また、内側の直径の寸法D1(mm)に対する外側の直径の寸法D2(mm)の比は、φ7.3mm/φ6mm≒1.22となっている。
【0045】
さらに、配線挿通孔54bの長さ寸法L(mm)は30mmであり、内側の直径の寸法D1(mm)はφ6mmであるから、長さ寸法L(mm)は、内側の直径の寸法D1(mm)の5倍(30mm/φ6mm)に形成されている。
【0046】
このように配線挿通孔54bとリード線53との寸法関係を設定することにより、所定の防水性能を確保することが可能で、配線挿通孔54bからカバー部材1内に雨水等の水気が侵入するのを防止することができる。例えば、水気が配線挿通孔54bの外側に到達した場合、この水気は、外側の直径の寸法D2(mm)における孔縁部分に滴状にたまり、自重によって落下するようになる。

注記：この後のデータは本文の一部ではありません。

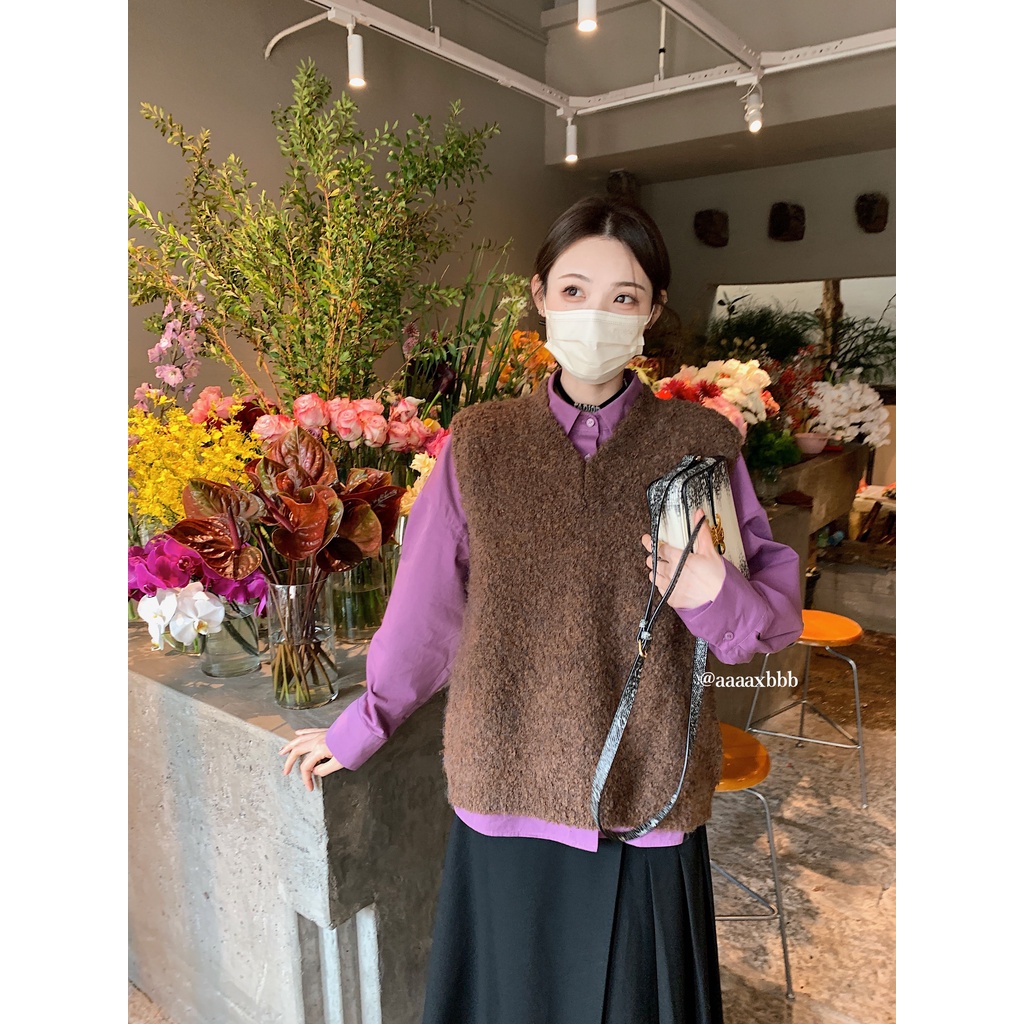 Áo Sơ Mi Cổ polo Phong Cách Pháp Thanh Lịch Thời Trang Mùa Xuân 2023 Mới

加えて、内側の直径の寸法D1(mm)は、小さくなっているので、水気の侵入を効果的に阻止することができる。
【0047】
なお、例えば、2本のリード線が外被によって1本に束ねられている配線を用いる場合には、リード線の直径の合計寸法d(mm)は、外被の直径の寸法d(mm)となる。
【0048】
次に、例えば、カバー部材1の交換等のメンテナンスにおいては、図6に示すように、カバー部材1を矢印方向に回動して基体部5から取外す。このカバー部材1の回動の際、光源部2及び点灯装置4は、カバー部材1側に支持されていて、リード線53が接続されている。
【0049】
したがって、仮に、従来のように、リード線53が防水ブッシングによって緊密的に保持されている場合には、カバー部材1を回動すると、リード線53が点灯装置4の接続部分から防水ブッシングまでの間で、回動に伴いねじれが生じるようになる。このねじれは、点灯装置4の接続部分から防水ブッシングまでの比較的短い長さ部分で生じるため、リード線53のねじれの屈曲度合いが大きく、リード線53の断線等の損傷や応力がかかって接続部が外れてしまう可能性があり、カバー部材1の交換等が困難となる問題が発生する。
【0050】
しかしながら、本実施形態では、配線挿通孔54bと、この配線挿通孔54bを挿通するリード線53との寸法関係において、リード線53にねじれが生じる度合いを軽減するように構成されている。つまり、配線挿通孔54bにおける内側の直径の寸法D1(mm)に対してリード線53の直径の合計寸法d(mm)が僅かながら小さくなっており、クリアランスが形成されている。また、内側の直径の寸法D1(mm)より外側の直径の寸法D2(mm)が大きく形成されている。
【0051】
したがって、このカバー部材1の回動に伴いリード線53は、配線挿通孔54b内において回動可能となり、すなわち、リード線53は、点灯装置4の接続部分から電源側の接続部分までの比較的長い長さ部分でねじれるようになるため、ねじれの屈曲度合いを軽減することが可能となる。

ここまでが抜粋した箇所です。